O Plano Nacional de Educação (PNE) prevê estratégias para superar essas questões. Na Meta 3, para universalizar o Ensino Médio, o Plano reconhece, na Estratégia 3.13, a necessidade de “implementar políticas de prevenção à evasão motivada por preconceito e discriminação racial, por orientação sexual ou identidade de gênero”. Na Meta 14, busca “estimular a participação das mulheres nos cursos de pós-graduação stricto sensu, em particular aqueles ligados às áreas de engenharia e matemática e outros campos das ciências”.
Abordagem abrangente e inclusiva da Educação
A Educação deve ser livre de qualquer discriminação para proporcionar as condições do pleno desenvolvimento. Os 17 Objetivos de Desenvolvimento Sustentável (ODS) adotados pela Assembleia Geral das Nações Unidas em 2015, visam a eliminar a pobreza e promover a sustentabilidade. Para tanto, é essencial combater a desigualdade de gênero, conforme o ODS 5, relativo à igualdade de gênero. A questão deve ser vista de forma integrada. Assim, como estabelece o ODS 4, é primordial a oferta, para meninas e mulheres, de uma Educação de qualidade, inclusiva e equitativa.

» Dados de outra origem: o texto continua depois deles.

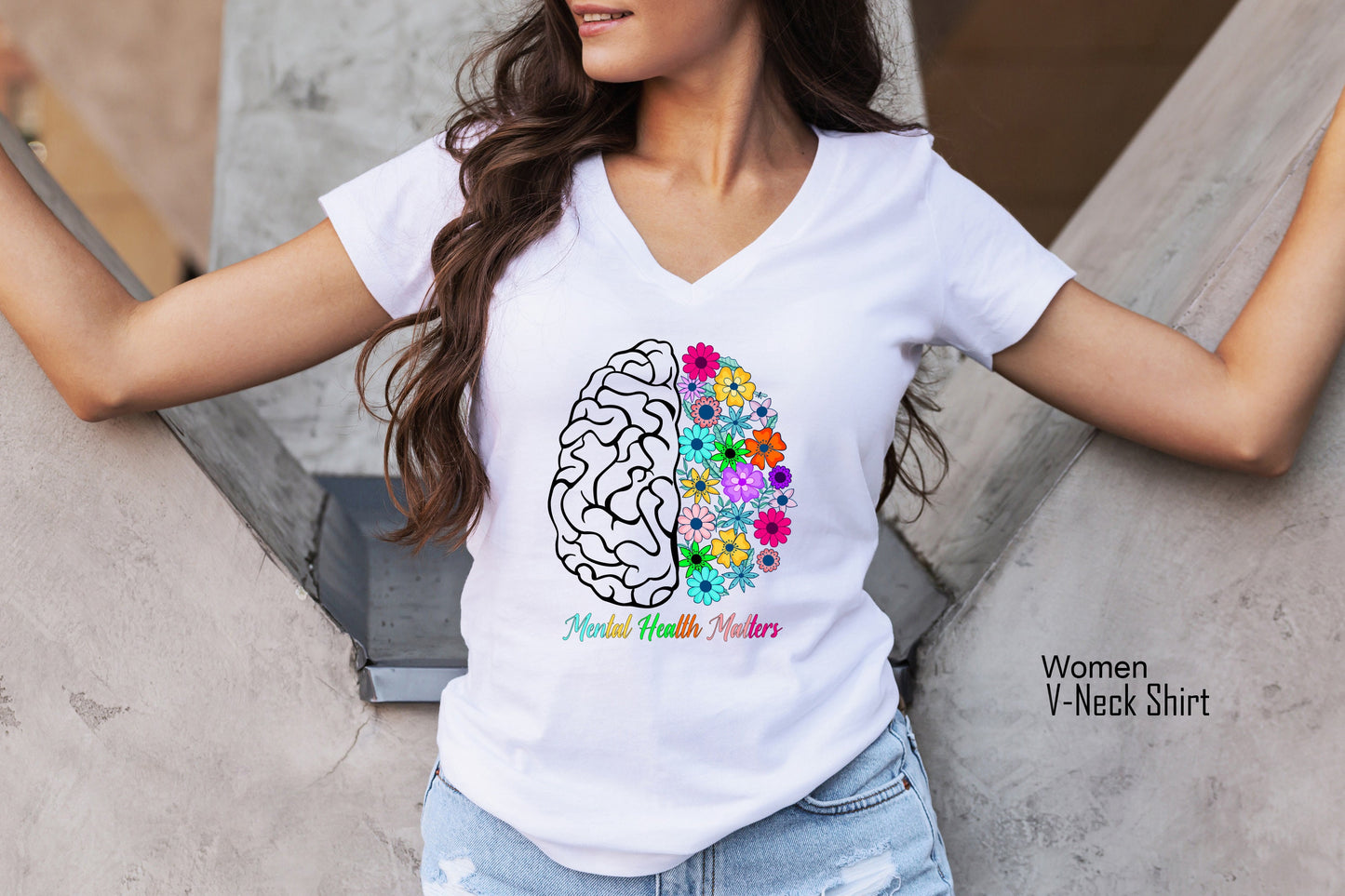 Mental Health Matters, Plant Lovers Gift, Gardening Gift, Flower Shirt, Floral Brain, Mental Health Awareness, C6967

É necessário implementar ações para desconstruir os estereótipos e remover as barreiras baseadas em gênero. A Unesco recomenda o desenvolvimento de currículos escolares inclusivos, que transformem impedimentos em oportunidades, além do estabelecimento de ambientes seguros, dentro e fora da escola, que favoreçam resultados de aprendizagem efetivos. A igualdade de gênero é uma prioridade global da Unesco, pois é fundamental para a promoção do respeito e da cidadania que, por sua vez, estão na base da construção da paz e do desenvolvimento sustentável. Por isso, devemos pensar na integração da abordagem sensível ao gênero em legislações e políticas, em todos os âmbitos, do mundial ao local, incluindo as escolas. Como a igualdade de gênero faz parte da Agenda 2030 e do PNE, nenhuma meta pode ser considerada alcançada a menos que seja alcançada por todas.